Archived version: https://archive.ph/K4EIh

  • I feel more like the different streaming companies tried to copy Netflix rather than realize they should have copied HBO Max instead.

    Don’t try to make a ton of content to justify $20 a month, but target a more focused media library that would cost $6 a month but you can charge $10 a month.

  • This is the best summary I could come up with:


    Discovery’s David Zaslav have also indicated that their services were initially priced “too low” in an effort to draw a huge and unendingly expanding subscriber base.

    In the early-to-mid 2010s, a subscription to Netflix and Hulu and your friend’s borrowed HBO password could get you access to the vast majority of all the TV that was worth watching.

    Netflix had a huge archive of older shows plus a slowly growing library of its buzzy releases like Orange Is the New Black, Jessica Jones, and Stranger Things.

    Not content to let Netflix have what looked like a lucrative new market all to itself the companies that made and distributed TV decided one by one as the decade wore on that it was time to create their own apps and generate their own subscription revenue.

    Tech companies also decided to jump in, with Amazon Prime Video pushing into expensive scripted dramas and Apple TV+ becoming relevant by dint of throwing untold gobs of money at all kinds of projects.

    Netflix announced its first subscriber loss in a decade in early 2022, cratering its stock; despite some recovery, it’s still only worth about two-thirds what it was at its peak in late 2021.


    I’m a bot and I’m open source!

  • This line stands out to me:

    TV seems to be settling into something that’s not all that different from the cable era we left behind. Except it’s even less hospitable for the artists actually making TV.

    I don’t think the writer intended this, but it sounds like it’s setting up the consumers vs. the artists divide. Like, we should have been thankful for what we had and the executives and shareholders, lacking any agency themselves, are now forced to pay less to artists because consumers don’t want to pay for content.
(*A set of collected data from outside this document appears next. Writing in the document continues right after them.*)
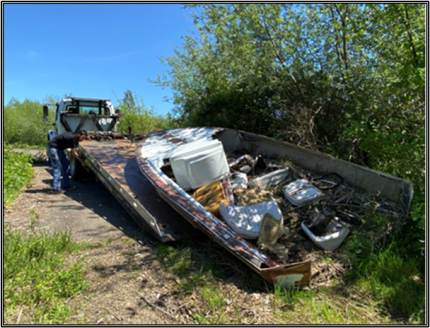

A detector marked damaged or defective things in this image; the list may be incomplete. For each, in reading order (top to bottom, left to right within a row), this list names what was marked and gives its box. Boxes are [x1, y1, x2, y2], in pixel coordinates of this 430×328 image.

rusty metal hull [78, 137, 199, 242]
rusty metal hull [135, 127, 414, 286]
damaged boat hull [137, 127, 414, 286]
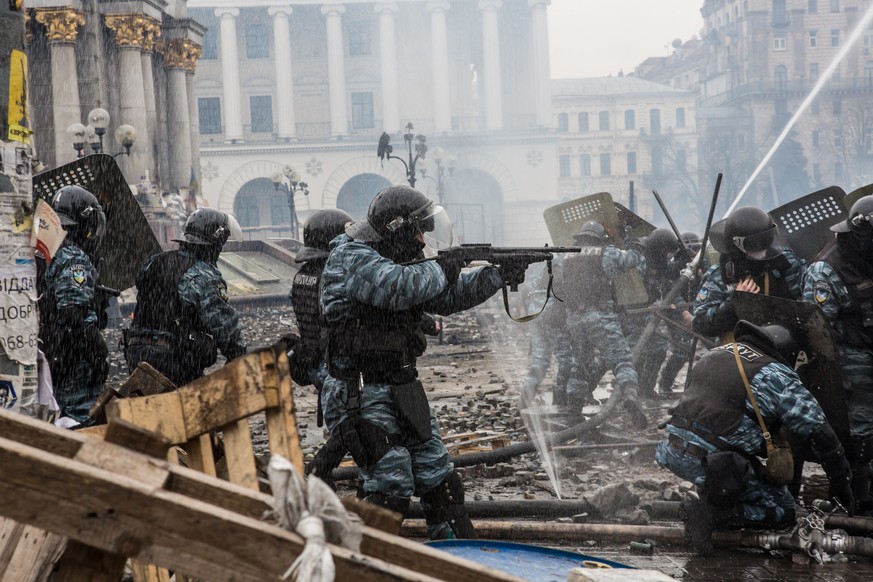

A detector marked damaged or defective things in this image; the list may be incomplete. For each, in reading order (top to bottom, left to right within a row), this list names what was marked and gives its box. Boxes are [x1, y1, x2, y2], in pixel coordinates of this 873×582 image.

broken wooden barricade [0, 344, 516, 580]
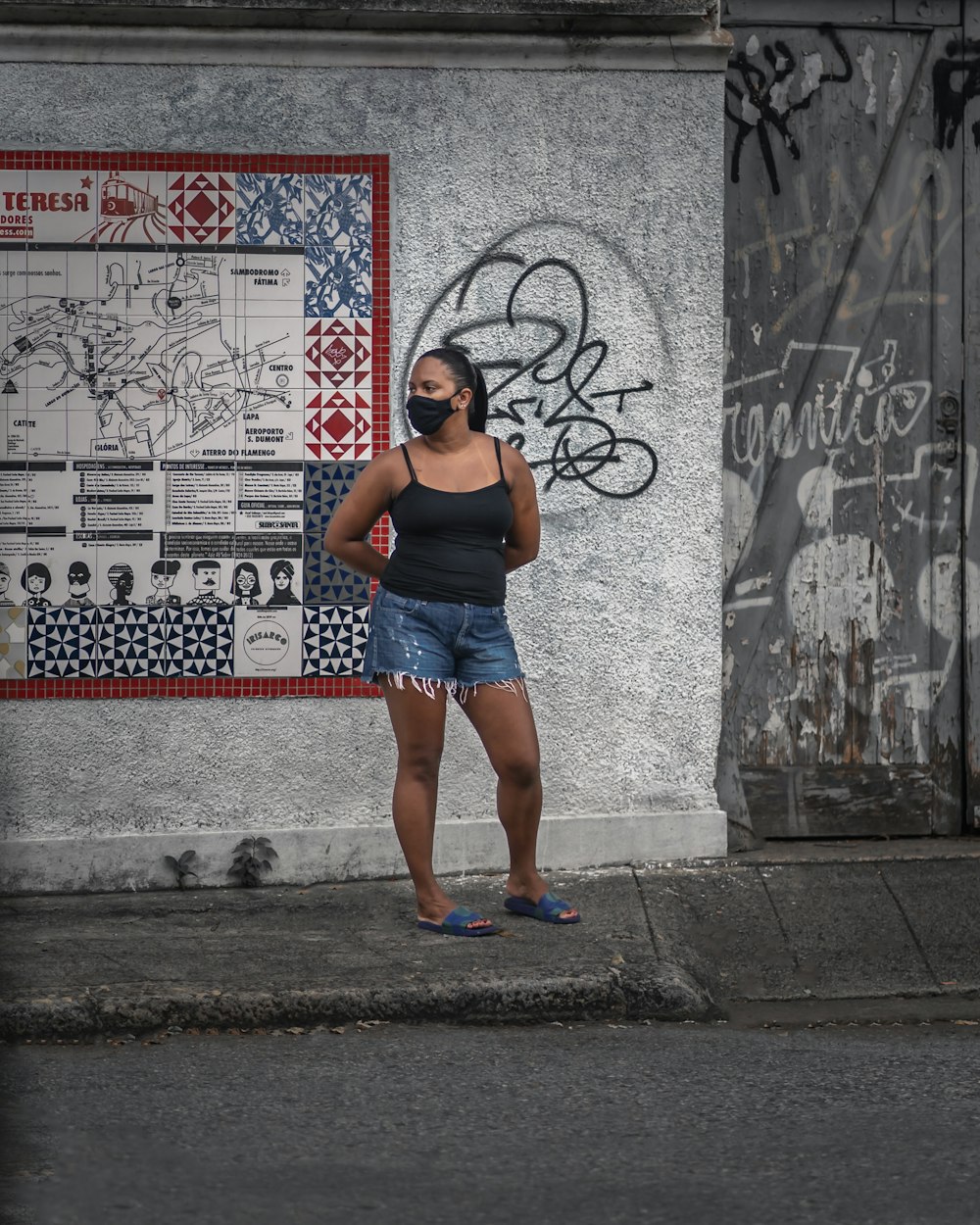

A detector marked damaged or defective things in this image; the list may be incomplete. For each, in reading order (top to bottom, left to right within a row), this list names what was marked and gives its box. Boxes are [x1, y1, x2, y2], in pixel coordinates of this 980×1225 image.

peeling paint door [721, 4, 972, 835]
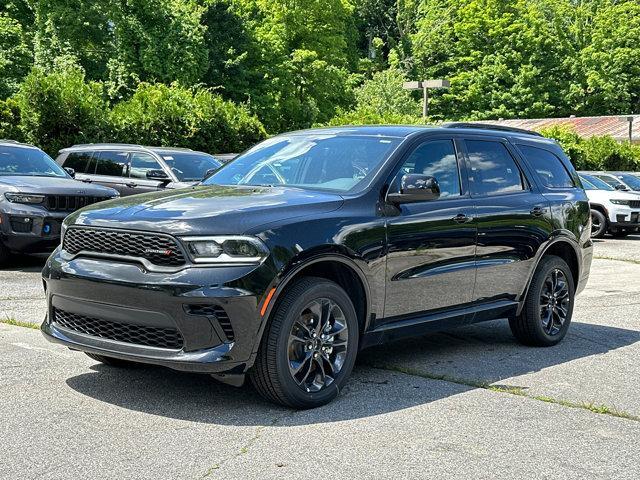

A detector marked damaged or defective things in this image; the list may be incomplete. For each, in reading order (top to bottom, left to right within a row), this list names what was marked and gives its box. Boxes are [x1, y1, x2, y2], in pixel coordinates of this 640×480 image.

pavement crack [368, 364, 636, 424]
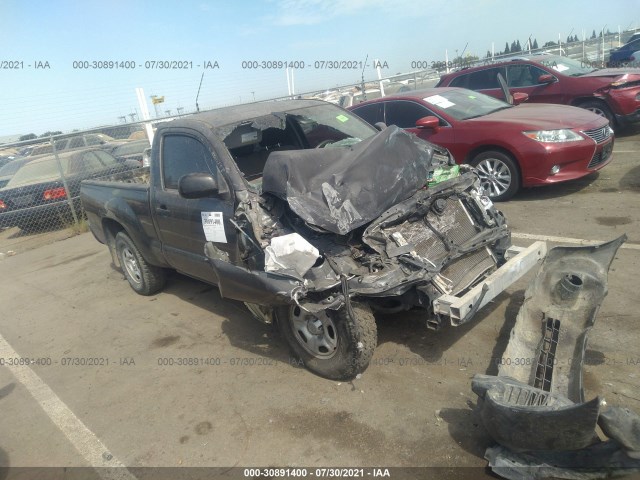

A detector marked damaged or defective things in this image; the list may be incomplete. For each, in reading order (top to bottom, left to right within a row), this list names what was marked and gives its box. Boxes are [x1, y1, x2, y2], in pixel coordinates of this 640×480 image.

crumpled hood [262, 125, 436, 234]
severely damaged truck [77, 99, 544, 380]
detached bumper [430, 242, 544, 324]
No one wants to work and no one wants to pay for anything, or so they say. And, yet, the multi-billion dollar industries keep on keeping on.

    • And, yet, the multi-billion dollar industries keep on keeping on.

      And as more people refuse to pay and pirate, studios enlist copyright trolls to chase down piracy as an avenue of compensation. That is until a new game-changing service that disrupts the industry (the way Netflix first did by offering a single solution at a reasonable price), followed by copycat services fragmenting access to media at price increases, and the cycle repeats.

      Such is the disgusting routine cycle of capitalism and greed.